Set down precisely the lines from the line with "PATRÓN DE GANCHILLO: Muñeco" through the end of the material, inclusive, and no pictures.

● STUDY MATERIAL
>>

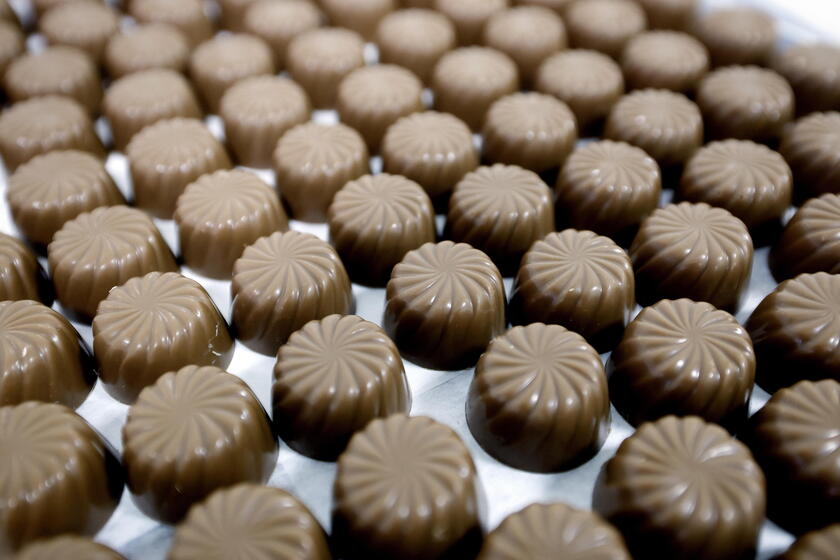 Christmas sweets production at the Abbey Notre Dame de la Paix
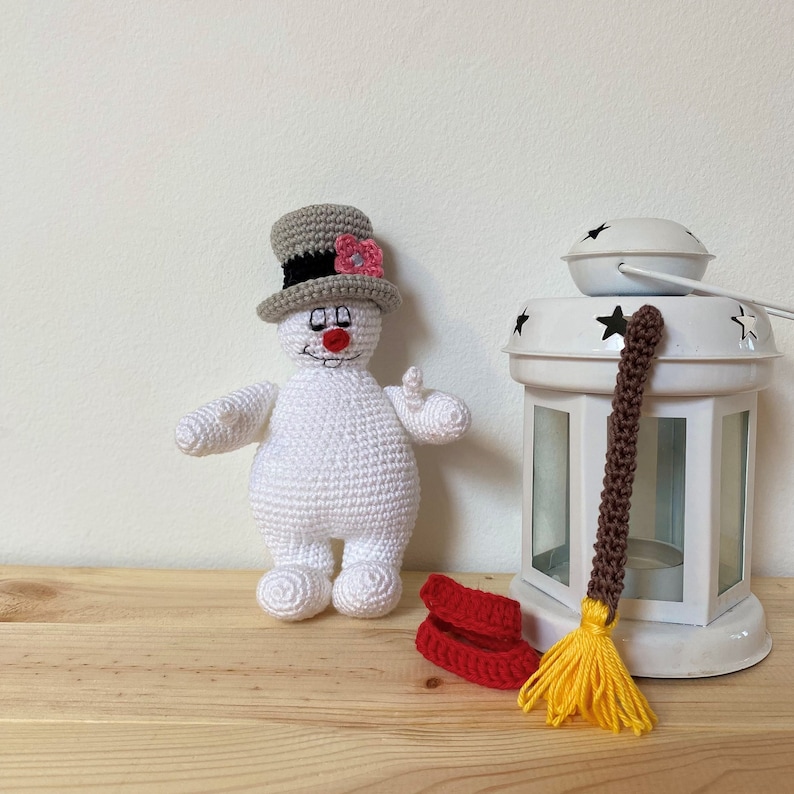 PATRÓN DE GANCHILLO: Muñeco de nieve con gorro, Patrón en PDF, Muñeco de nieve, Patrón de amigurumi, Muñeco de nieve en PDF, Escrito en inglés, Fácil de seguir, Patrón mediano imagen 2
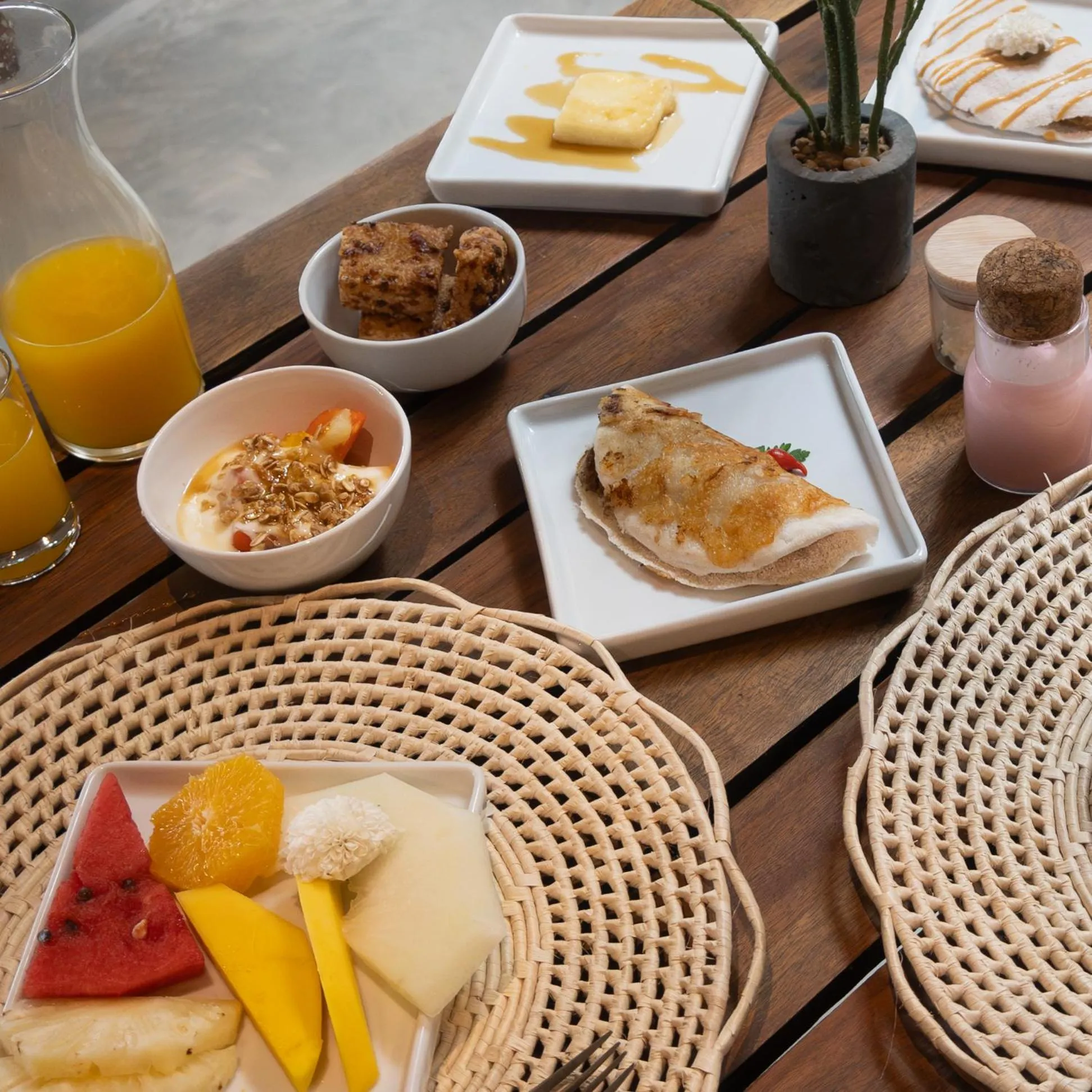 Breakfast in Apenunga Eco Hotel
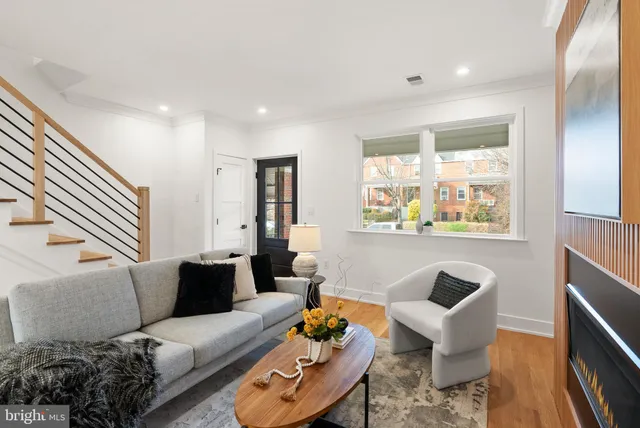 a view of a kitchen and dining room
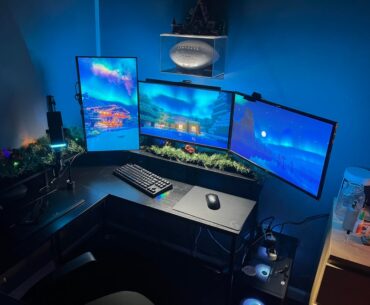 My battle station progress (first and last are current) IGNORE THE CABLES MAN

<<

● ANSWER SPACE
 PATRÓN DE GANCHILLO: Muñeco de nieve con gorro, Patrón en PDF, Muñeco de nieve, Patrón de amigurumi, Muñeco de nieve en PDF, Escrito en inglés, Fácil de seguir, Patrón mediano imagen 2
 Breakfast in Apenunga Eco Hotel
 a view of a kitchen and dining room
 My battle station progress (first and last are current) IGNORE THE CABLES MAN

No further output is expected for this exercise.